* **What is required**:
Please repeat only the lines below starting at the line that holds "Black silhouette of" and ending at the line that holds "9ct Yellow Gold Smoky Quartz Ring", exactly, with both of those lines included and every picture omitted.
*** Source data ***
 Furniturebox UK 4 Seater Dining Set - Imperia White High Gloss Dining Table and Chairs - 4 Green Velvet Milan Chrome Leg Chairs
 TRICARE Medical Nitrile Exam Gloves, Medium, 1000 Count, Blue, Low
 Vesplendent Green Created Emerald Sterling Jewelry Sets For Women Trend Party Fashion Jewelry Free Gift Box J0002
*** End of Source data ***
*** Source data ***
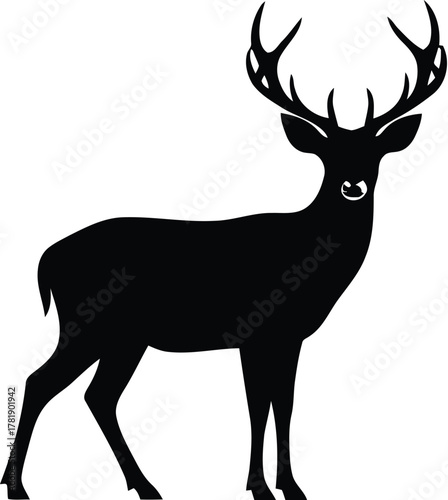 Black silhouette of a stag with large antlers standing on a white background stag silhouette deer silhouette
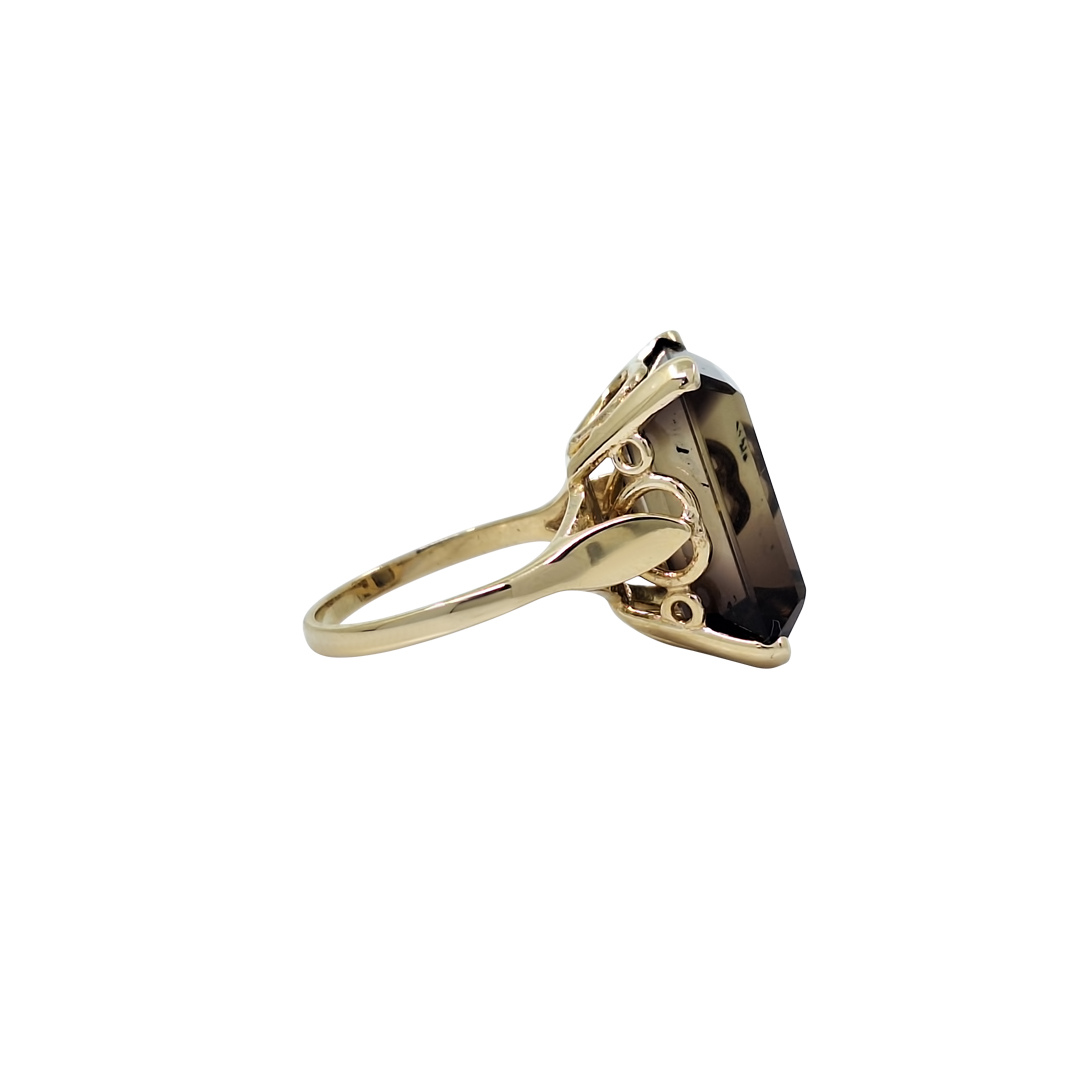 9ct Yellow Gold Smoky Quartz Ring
*** End of Source data ***
* **Result for this task**:
 Black silhouette of a stag with large antlers standing on a white background stag silhouette deer silhouette
 9ct Yellow Gold Smoky Quartz Ring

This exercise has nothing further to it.